Now that the debate over wether an Service Request is part of Incident or Change Management is over despite your personal views on the matter. Lets look at what it really means to tackle improvements around this process we have been doing for years.
First it is important to point out that making improvements to the process of managing requests is not as simple as dealing with one workflow. Like most things in life Request Fulfillment is more complicated under the surface than it may seem. Sure you can create an efficient way to submit requests without too much of a challenge. However, its what happens behind the scenes from the point of someone filling out the web form or making a call to the Service Desk until the shining new laptop is delivered fully loaded that takes the real work to figure out.

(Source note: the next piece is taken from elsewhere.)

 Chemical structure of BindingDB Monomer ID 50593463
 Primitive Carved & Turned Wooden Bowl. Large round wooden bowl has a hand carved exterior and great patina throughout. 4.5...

Think of the Request Fulfillment process like the two slices of bread on a sandwich, in between the top and tail of the processes are several other inter-related but separate processes. To improve the maturity of this process (make sure the new employee is productive on day one, or that that laptop comes with the right OS and software image) it is necessary to understand the approval, ordering, inventory and supply elements that support the provisioning of the request. A key understanding is that Request Fulfilllment is typically front ended by a Service Catalog or IT Portal and integrates key processes such as:
- Service Catalog
- Procurement, Cost Center Approvals
- Asset Management
- Service Asset and Configuration Management
- Service Level Management
- Provisioning
- Access Management (On boarding / off boarding of employees)
- Image Management
- Etc..
Without the tight integration of these various management practices the request is received and not progressed through these process dependencies in an efficient and time sensitive manner.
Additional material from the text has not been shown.